3) I am using OpenCL buffers created with the CL_MEM_ALLOC_HOST_PTR flag. And then map this so that it can be used by the CPU. And then use map and unmap to clean/invalidate the caches. Also how can the cache location corresponding to an OpenCL buffer be updated without using map/unmap openCL ?
--Kiran
So what is the right way to clean/invalidate the gpu caches so that the two gpu devices read the updated data?
I don't think you need to do anything, other than express the dependencies between commands in the CL queues correctly; the driver handles the rest. i.e. GPU cache coherency should be totally transparent to the application.
HTH,
Pete
Hi Kiran,
1) Like Pete mentioned GPU cache coherency is transparent to the application, the driver will take care of it for you.
2) According to the CL specs it is not legal to share a buffer between two devices, in practice if the two devices don't share cache lines then it will work, you just need to be careful with your memory access patterns in your kernels.
3) The OpenCL driver will always use cached memory for buffers and images, if you want to use uncached memory or handle the cache maintenance yourself then you have to use OpenCL / EGL extensions to use externally allocated memory instead of letting the driver decide for you.
Have a look at https://www.khronos.org/registry/egl/extensions/KHR/EGL_KHR_image_base.txt
and https://www.khronos.org/registry/cl/api/1.2/cl_egl.h
What exactly are you hoping to achieve by handling cache maintenance yourself ?
Cache operations tend to take a lot of time, but cached memory tends to still be much faster than uncached.
Also please make sure the CPU on your platform is using a "performance" governor and not an "ondemand" as usually cache maintenance operations fail to be detected as CPU utilisation by the governor and will therefore be performed at low frequency
echo "performance" > /sys/devices/system/cpu/cpu0/cpufreq/scaling_governor
I dont want to use uncached memory since there is lot of spatial and temporal locality in the data and I want to take advantage of that.
I am using and would like to use cached memory.
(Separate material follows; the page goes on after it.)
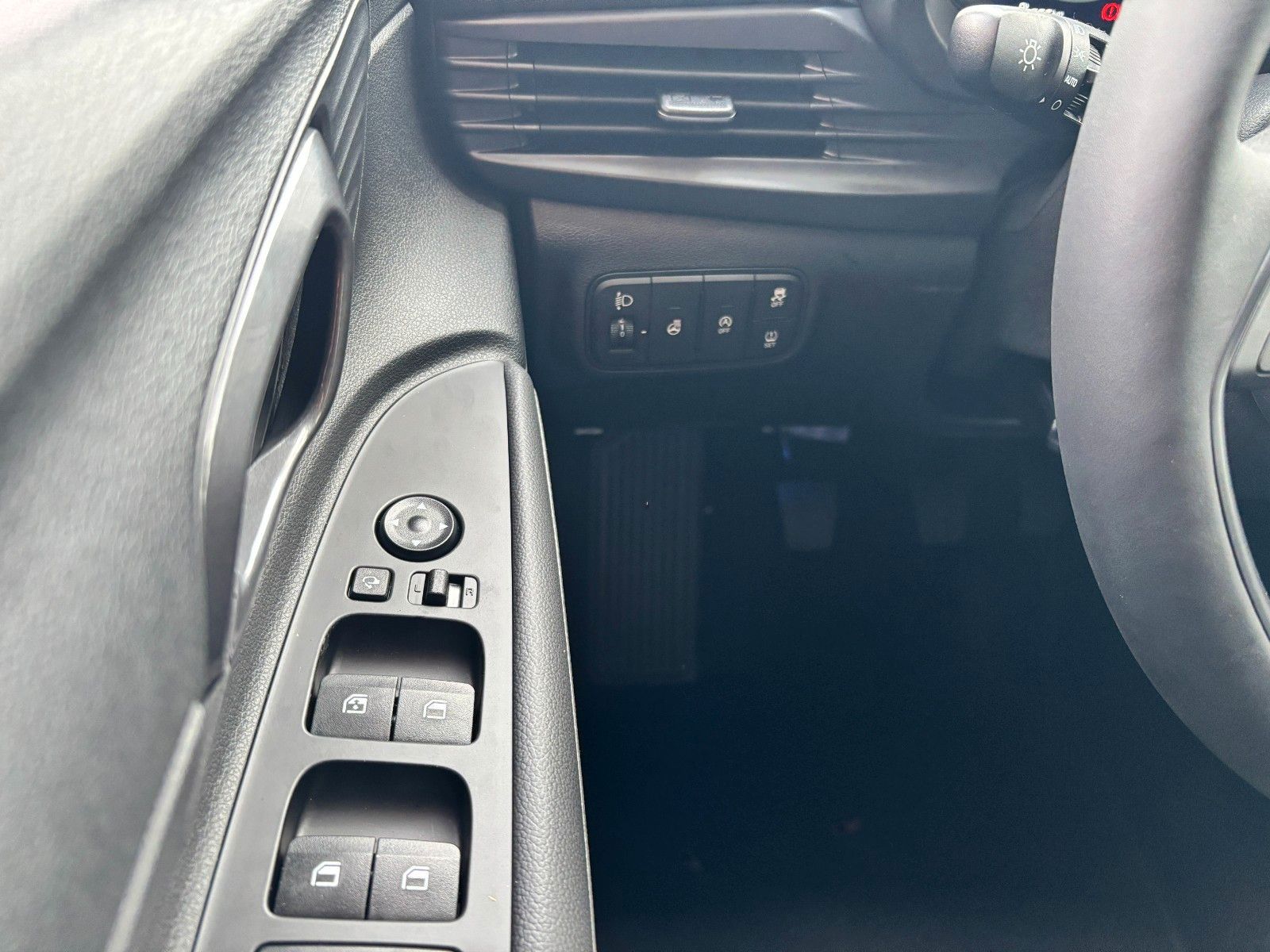 Fahrzeugabbildung Hyundai i20 1.0 T-GDI Trend Navi,SHZ,Kam.,PDC,Virtual,LM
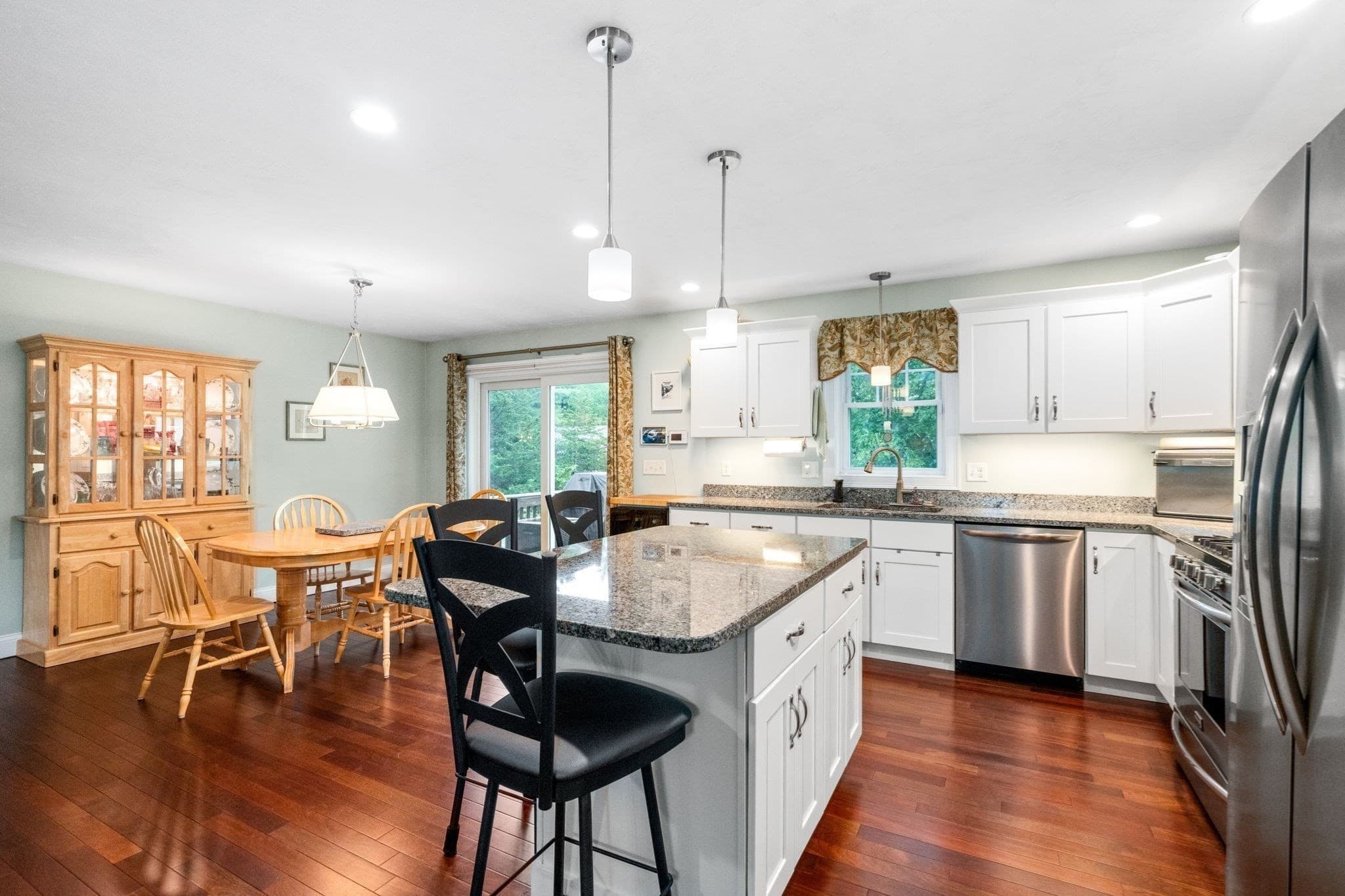Single Family Residence at 101 Prospect Hill St, Taunton MA 02780, photo 6 of 34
My requirement is that I want to do processing simultaneously on both the CPU and the GPU. The workloads that i am using are dataparallel, so the CPU and GPU can work on different sections of the arrays in parallel. For this, I allocate opencl buffers(with CL_MEM_ALLOC_HOST_PTR) and map them so that they can be used by the CPU also. If there are no dependencies then fine, but if there are dependencies between the data that is computed on the CPU and the GPU then some kind of synchronization of memory has to be performed so that both the CPU and the GPU reads the updated values. I have been using map/unmap to do this. But sometimes this kills the performance, possibly due to the overhead of map and unmap or due to cache invalidation on CPU side.
In one of your previous replies, you say that opencl buffers cant be mapped or unmapped. I find that they can be mapped and unmapped.
Sorry for the confusion: I only meant externally allocated buffers/images cannot be mapped / unmapped using clEnqueueMap* / Unmap* (i.e buffers using EGL or GLES interops, or relying on a dma_buf allocation).
Despite the misleading name, all that clEnqueueMap* / Unmap* operations do is performing cache maintenance operations.
So what performance hit you get is due to the time it takes to perform the CPU cache maintenance (Which is why I suggested you to double check your CPU governor was actually set to run in performance mode).
The only other thing I can suggest is to use the "offset" and "cb" parameters of clEnqueueMap to only map the zone you're about to work on.
Hello Anthony,
Thanks again for your comments. I have a few more questions.
I checked and found that performance is the CPU governor in use.
Are you sure that Map/Unmap does only cache maintenance ? It has to map the memory location allocated for the OpenCL buffer to CPU's virtual memory, isnt it ? I was thinking that clEnqueueMap is basically doing an mmap(which involves setting the page table and invalidates/cleans the cache) and munmap(which tears down the pagetable and invalidates/cleans the cache).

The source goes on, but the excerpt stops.